I think I can safely say that everyone knows the concept of Practice.  If you practice a craft, you get better at it.  You learn simpler ways of doing it.  You become more consistent at it.  Doing the craft becomes easier for you.  With exercise, a kind of practice, your reflexes become faster and your muscles become stronger.  The effort you engaged in makes the future attempts easier and more quickly done.

I have been listening, over the last few months, to tapes by Jack Kornfield, a Buddhist teacher and a practitioner for over 40 years, and Pema Chodron, known for her interpretation of Tibetan Buddhism for Western audiences.  Quite a bit of their teachings have pointed me towards some understanding of the ideas that thought, our mental reactions to the world around us is also a practice, and has the same consequences.
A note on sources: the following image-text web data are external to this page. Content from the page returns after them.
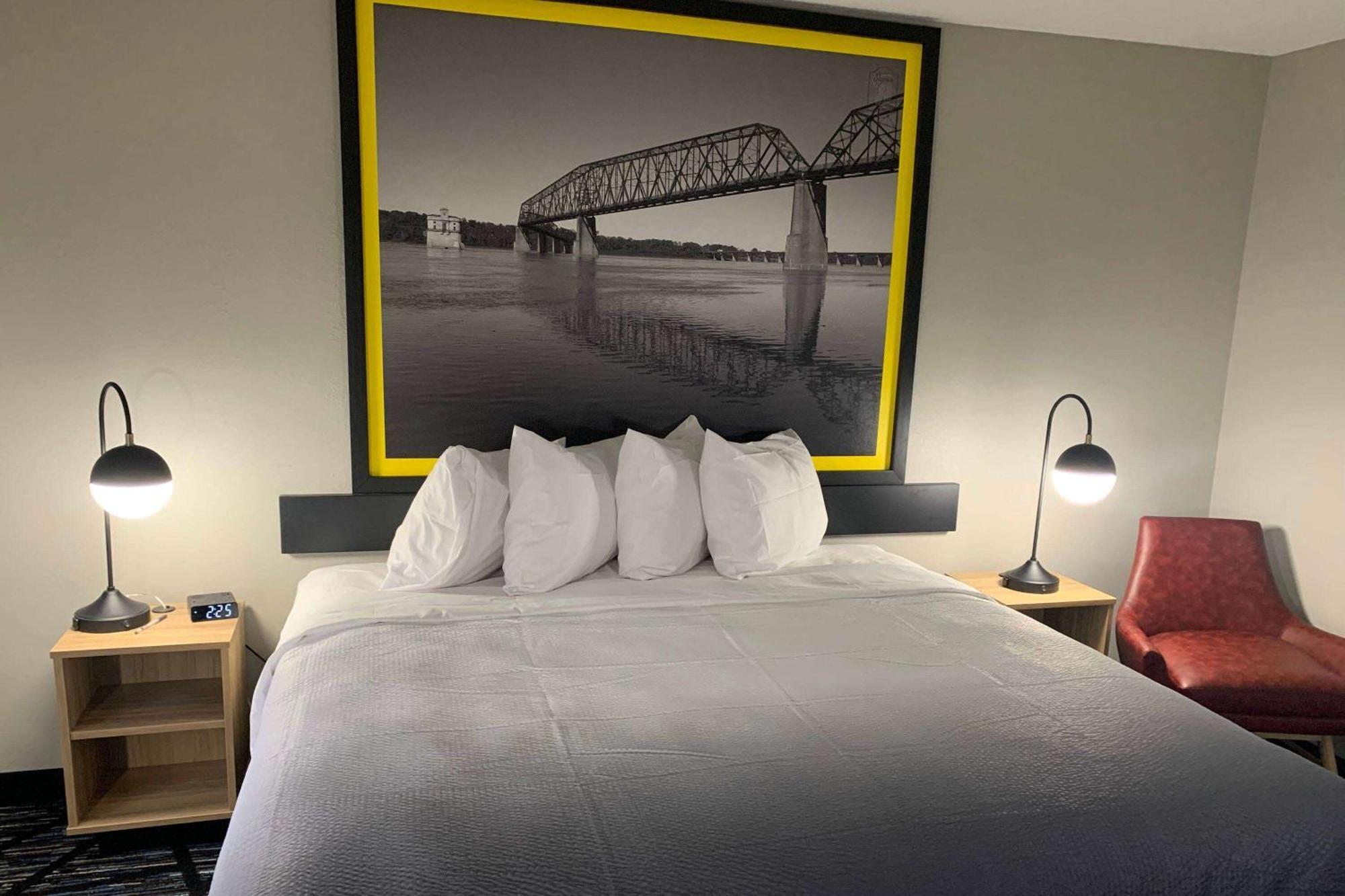 Super 8 By Wyndham Kirksville-University Area Εξωτερικό φωτογραφία
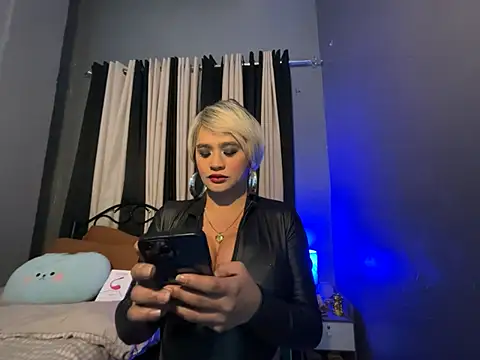 12inchhugecock online show from 25, 3, 2026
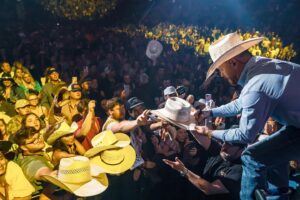 Cody Johnson Instagram - Another sold out show in Birmingham! Let’s go, #CoJoNation! Don’t forget to vote for the @cmt Music Awards today, y’all! Link in bio.

📸 @jttex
I saw a woman the other day who showed me quite clearly the consequences of her mental practice.  You could see it on her face.  Looking at her, it was difficult to imagine her reacting to anything in her day other than with irritation.  She was irritated that you stood too close.  If she was talking to you, she was irritated that you were too far away.  She was irritated at the weather or the traffic.  Even her talk about her friends was in terms of how they irritated her.  This takes practice.  By the time she got to her present age, she had practiced irritation diligently for the majority of her life, and it was now the only filter through which she could see the world.

It is possible to practice contemplating the world as something against you, that your life is continually a stress and a challenge, an illness.  For many it is easy to see it that way.  For many it would seem obvious that a particular persons life was that way.  But I have also seen people coming from lives of incredible difficulties, still thinking well of themselves and others, even their oppressors,  purely because of their ways of thinking.  That takes practice.

I look at myself, the times of loneliness I have felt, days of depression which come over me at times, and wonder, how have I practiced this before?  I know the feelings have come over me many times in my past.  It is familiar to me.  I have practiced it.

The strange part about thoughts and emotions is that we tend to think of them as out of our hands, inevitable, caused by something outside of ourselves, reactions.  I am toying with the notion that it is not necessarily the way it has to be.  In these times of difficulty, I think it is appropriate to look at ones thoughts and accept that there is a part of conscious choice in the matter, and as I begin to realize that more and more, I find opportunities to make a different choice.

Sometimes it is through just taking a break, moving away from what is troubling me.  Sometimes it is moving towards that which pleases me.  That really is a very useful tool. remembering what pleases you.  I take great pleasure in the joys available through women.  They have always been a powerfully positive (lol, most of the time) force in my life.  So, when I can, and admittedly that is not always possible, I think of the wonderful women in my life, one who gives a kiss, one a childish laugh, one who allows me to assist in her exploration, the one who is a Dancer.  She makes me smile.

Find the beauty in your life, whatever it may be.  Practice bringing it to mind, music, art, people, even work if that is a pleasure, and practice bringing it to mind and holding it close.  There are so many parts of me.  Here I am The Eroticist, and it is a part of me that gives me joy and humor.  I tend to smile here.  That is a good thing.  It is something to practice.